Paquerar é um estado de espírito. E quando você está nesta
sintonia fica sempre atento às possibilidades, não importando
onde está. Você pode paquerar no metrô, no supermercado, no
congresso, no estádio ou até no velório. Sempre pode acontecer
algo, basta que você esteja alerta.
Tem gente que dorme no ponto. Não presta atenção nas pessoas
que estão circulando à sua volta. E depois ficam reclamando
que não tem homem, que não tem mulher.
Qualquer que seja o lugar é sempre possível passar o radar e
perceber se há alguém que lhe interessa, ou se tem alguém
interessado em você. Óbvio que se você tem pressa, fica mais
difícil encontrar alguém. Você conhece aquela máxima que diz:
a pressa é inimiga da paquera? Pois é uma verdade. Você
precisa dar um tempo para que aconteça a magia do encontro.
Deve ter paciência, perseverança.
A paquera tem um lado objetivo que é a vontade de encontrar
alguém para ficar ou namorar. Mas se você for estritamente ao
seu objetivo, fica sem charme. É uma paquera sem graça e até
agressiva. Fica legal quando existe um jogo sutil, uma
verdadeira dança de interesses entre os dois.
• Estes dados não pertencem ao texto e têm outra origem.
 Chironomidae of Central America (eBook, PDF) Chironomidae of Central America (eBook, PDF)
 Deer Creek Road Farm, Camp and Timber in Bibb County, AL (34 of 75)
Dependendo do tipo de pessoa que você quer como companhia, o
ideal é você ir a lugares onde possa encontrá-la. É uma
questão de estratégia. Você deve ser coerente. Se quer um
homem mais intelectual, vá a livrarias e espaços culturais. Se
quer uma mulher divertida, vá dançar em algum lugar. De toda
forma, se você quer encontrar alguém, deve sair de casa, ou ao
menos, entrar na Internet.
Tem lugares que lhe oferecem oportunidade para encontros
sexuais, tem lugares que são freqüentados por gente
inteligente, ou por artistas, por jovens, por gays, e assim
por diante. A própria Internet está facilitando essa
especialização da paquera. Você vai direto à sua turma. Me
parece eficiente.
Mas os melhores lances são aqueles que acontecem de repente,
quando menos você está esperando: dobrando a esquina, no
telefone público. São duas formas de agir e ambas são
complementares. Primeiro, você faz a sua parte, saindo de
casa, indo aos lugares certos, investindo a sua energia nisso.
Mas é importante também que você saiba relaxar e deixar que as
coisas lhe aconteçam, saindo da fissura e ficando receptivo
para as oportunidades. Com esse jogo, entre o ativo e o
receptivo, sua paquera tem tudo para dar certo.
Tem gente que acredita que você não deve fazer nada e que o
seu príncipe ou princesa encantada vai cair do céu, aparecendo
quando for o momento certo. Mas isso é um falso conceito. Se
você não fizer absolutamente nada é bem provável que você
acabe chupando o dedo.
* Sérgio
Savian é terapeuta holístico corporal e dá aconselhamento
sobre paquera e sexo.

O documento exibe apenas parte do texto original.